LA CULTURA RAVE SECONDO CHIARA FOSSATI
Quali sono, secondo te, i preconcetti rispetto ai raver e com’è cambiato nel tempo il mondo dei rave?
Potrei fare un elenco infinito! I preconcetti sono sempre gli stessi, ovvero che i raver sono ragazzini drogati che vanno nei posti e distruggono tutto quello che incontrano, gli interessa soltanto consumare droga e fare casino.
Invece?
Assolutamente no. In realtà, a livello europeo, rimane uno dei movimenti più grandi e importanti legati alla musica, in cui si è creata una comunione tra sconosciuti per cercare di vivere liberamente.
Dall’inizio, alla fine degli Anni Novanta, al Duemila, il movimento è cambiato. Io ho visto il suo tramonto. Sono cambiate le sue dinamiche, come del resto la società stessa, i bisogni dei ragazzi e tante altre cose. Ad esempio una delle regole dei rave era che non si consumava e non si vendeva eroina. Se lo facevi ti sbattevano fuori. Ma a un certo punto questa cosa si è andata un po’ a perdere.

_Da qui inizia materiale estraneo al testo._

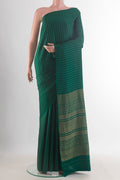 Green Mysore Crepe Saree with Zari Butta on the body and Without Border.  displayed on a mannequin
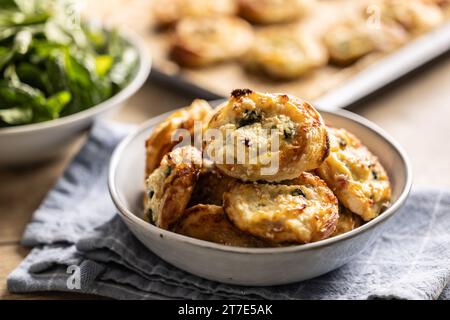 Mini panini per pizza ripieni di vari ingredienti, prosciutto pancetta spinaci, basilico, mozzarella o parmigiano in ciotola. Foto Stock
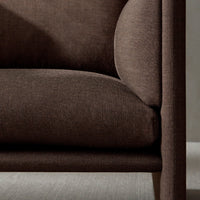 Brown textured fabric couch with smooth contours and a minimalist design against a soft, neutral background.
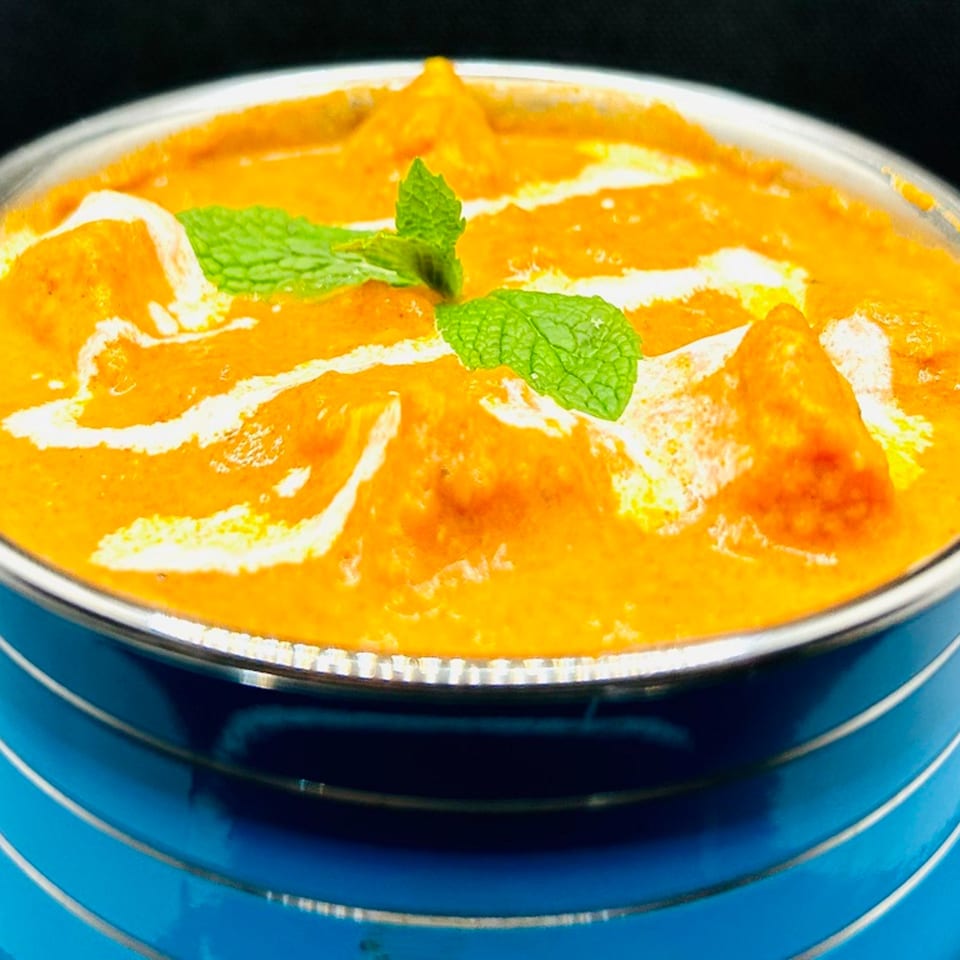 Himalayan Spice Indian Cuisine's creamy orange curry, garnished with fresh mint, in a blue bowl.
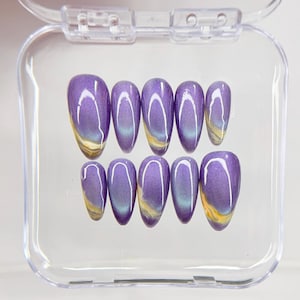 May include: A set of ten almond-shaped press-on nails in a clear plastic storage case. Each nail features a deep purple cat-eye magnetic polish finish with a swirling golden-yellow accent at the base, creating a reflective and dimensional effect.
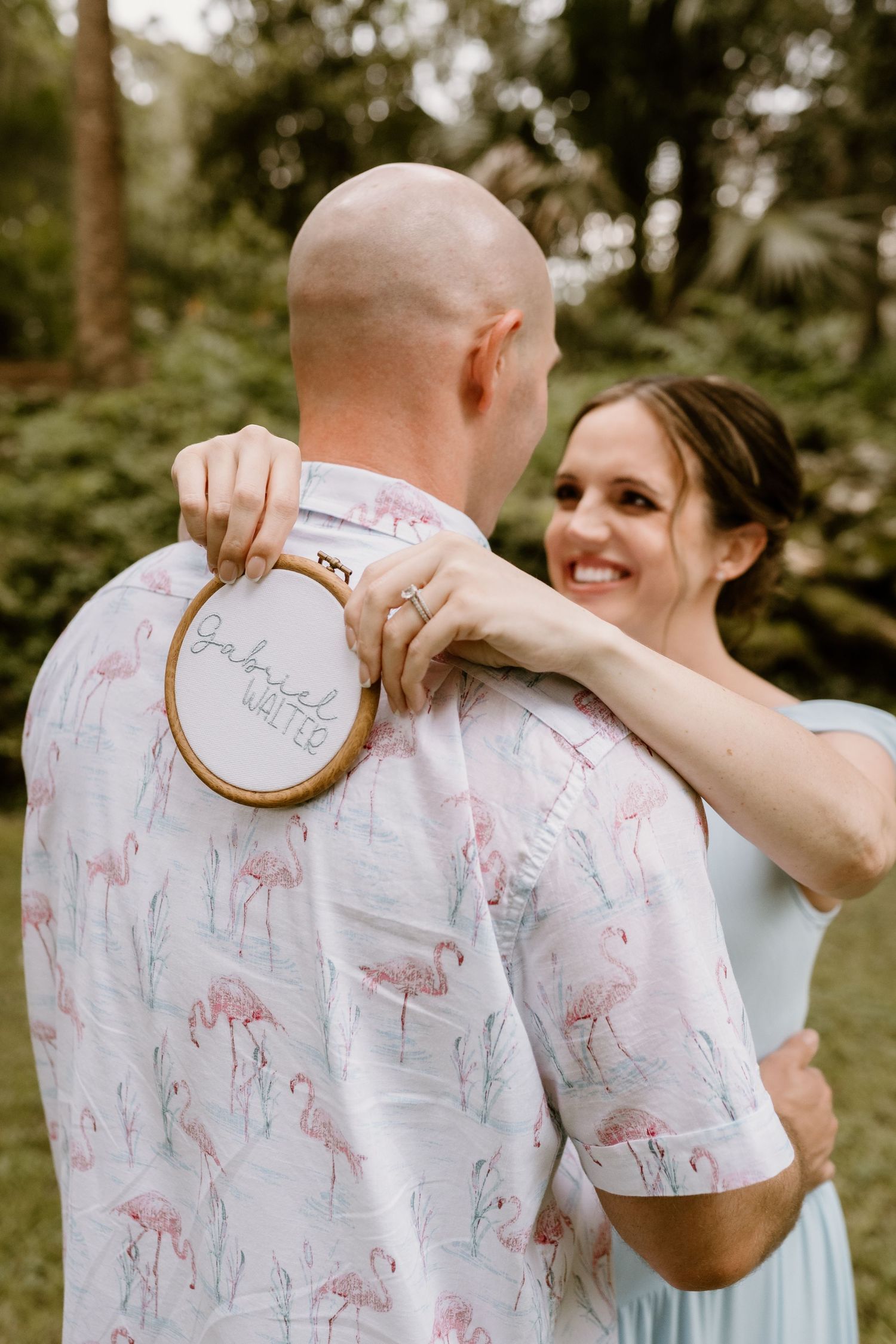 Couple shares intimate moment with embroidery hoop during outdoor photo session.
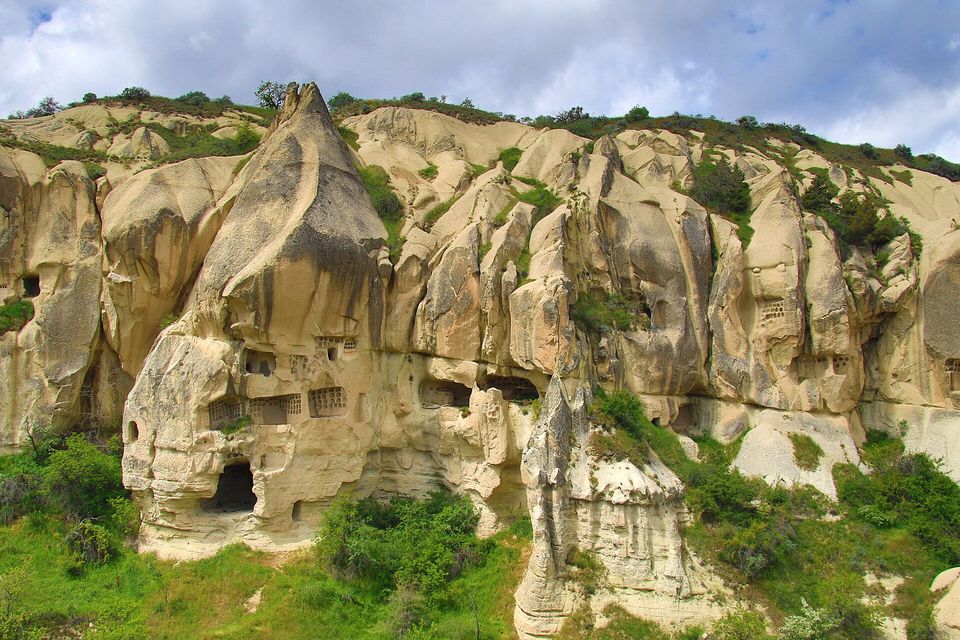 A rock face pierced by doorways and small square windows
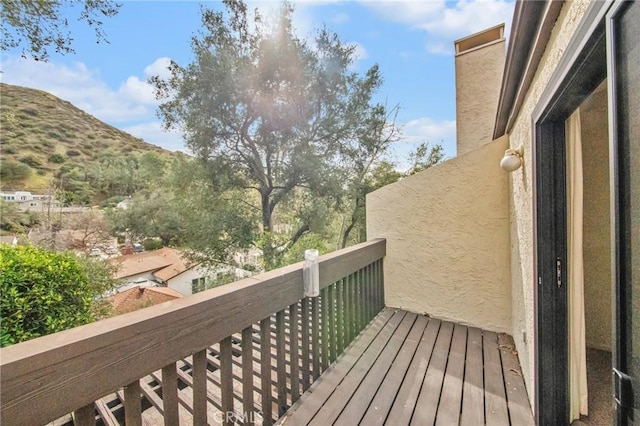 balcony featuring a mountain view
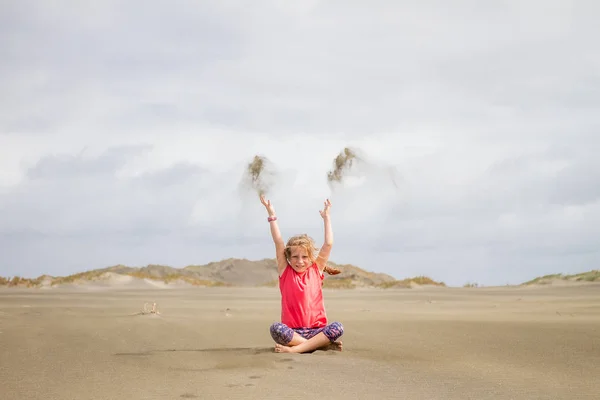 Jong kind meisje zand gooien — Stockfoto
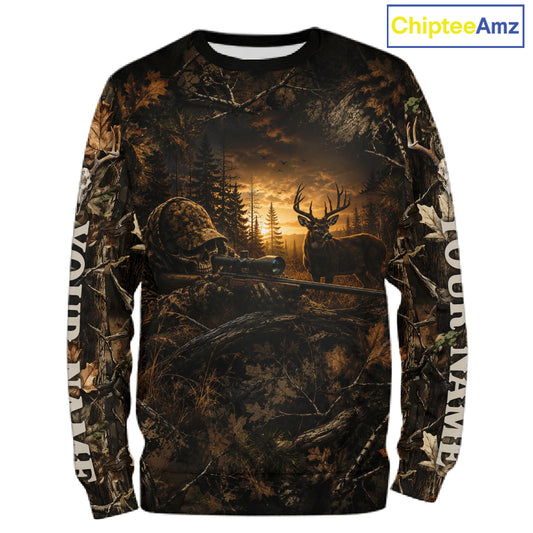 A long-sleeve crewneck shirt featuring an all-over camouflage and hunting-themed graphic print. The design depicts a deer hunter in camouflage with a rifle, a deer with large antlers, a forest silhouette, and a glowing sunset.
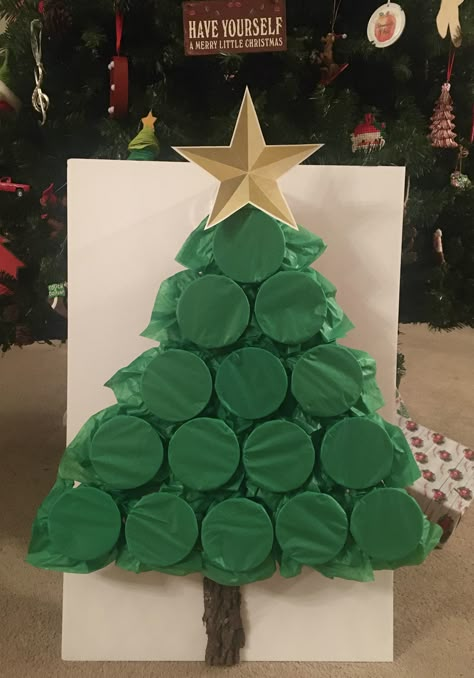 2 pieces of green tissue paper cover the red solo cups to create this tree.  Inside you can place whatever items you want - money, lottery tickets, candy, gift cards, lumps of coal, kids toys, etc.  For the game you can number and let each person pick a number to punch and that keeps the gifts close to the same amount or you can play high low card and whoever gets the highest card gets to punch a cup and keep what is in side.  This can be fun for children and adults of all ages. Christmas Tree Game, Shop Board, Christmas Gift Games, Fun Christmas Party Games, Fun Christmas Games, Christmas Punch, Christmas Games For Family, Holiday Party Games, Family Christmas Party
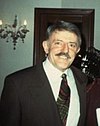 A middle-aged man with a moustache, he is wearing an earth-tone suit and sports a mustache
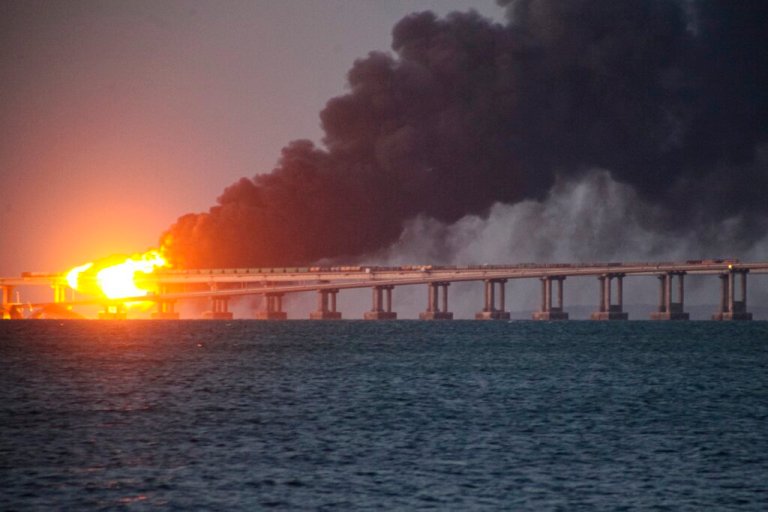 The Ukrainian Defense Ministry appeared to celebrate an explosion that destroyed the Kerch Bridge linking Russia to the Crimean peninsula Saturday morning.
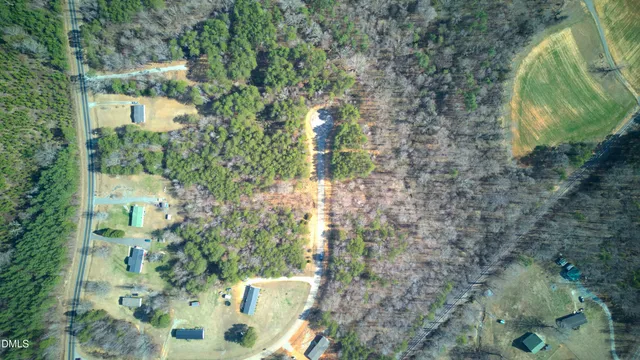 a backyard of a building with lots of green space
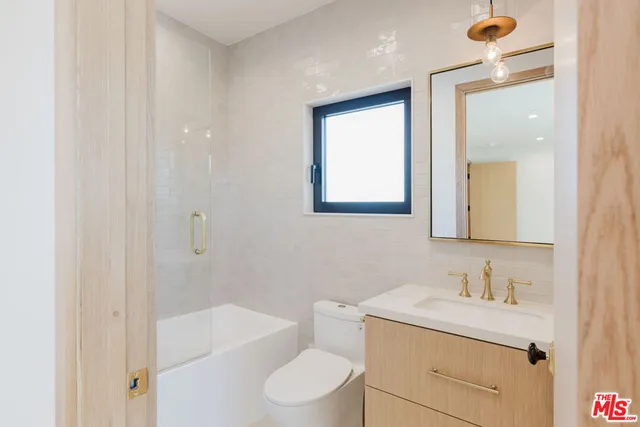 a bathroom with a granite countertop sink toilet a mirror and shower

La musica, associata alla fotografia, è rimasta comunque una costante della tua ricerca. Proprio in questa 31esima edizione del SI FEST sei stata protagonista del dj set insieme all’Associazione Culturale Echo.
Non avevo mai pensato alla relazione fotografia/musica, però la musica è sicuramente importante nella mia vita. Sono di quelle persone che ascoltano la musica anche quando cucinano, fanno la lavatrice, in automobile… Effettivamente anche nel progetto Villaggio dei Fiori con cui, nel 2018, qui a Savignano ho vinto il Premio Pesaresi per la Fotografia Contemporanea, c’è molta musica. È la storia del mio quartiere, dove vivo adesso, uno storico quartiere popolare nella periferia di Milano dove la gente ascolta la musica con le finestre aperte. Un posto difficile ma incredibile, dove c’è un fortissimo senso di comunità e anche di solidarietà.
Spesso i fotografi affermano che fotografare è un’esigenza per conoscere se stessi, è così anche per te?
Credo che la fotografia sia un’ossessione, una necessità. Personalmente ho bisogno di fotografare perché è il mio modo di filtrare il mondo. Sono anche molto curiosa e mi piace parlare con le persone, raccontare le loro storie attraverso la fotografia, soprattutto se si tratta di persone che vengono ignorate. Sono convinta che tutti abbiamo una storia personale che valga la pena di essere raccontata.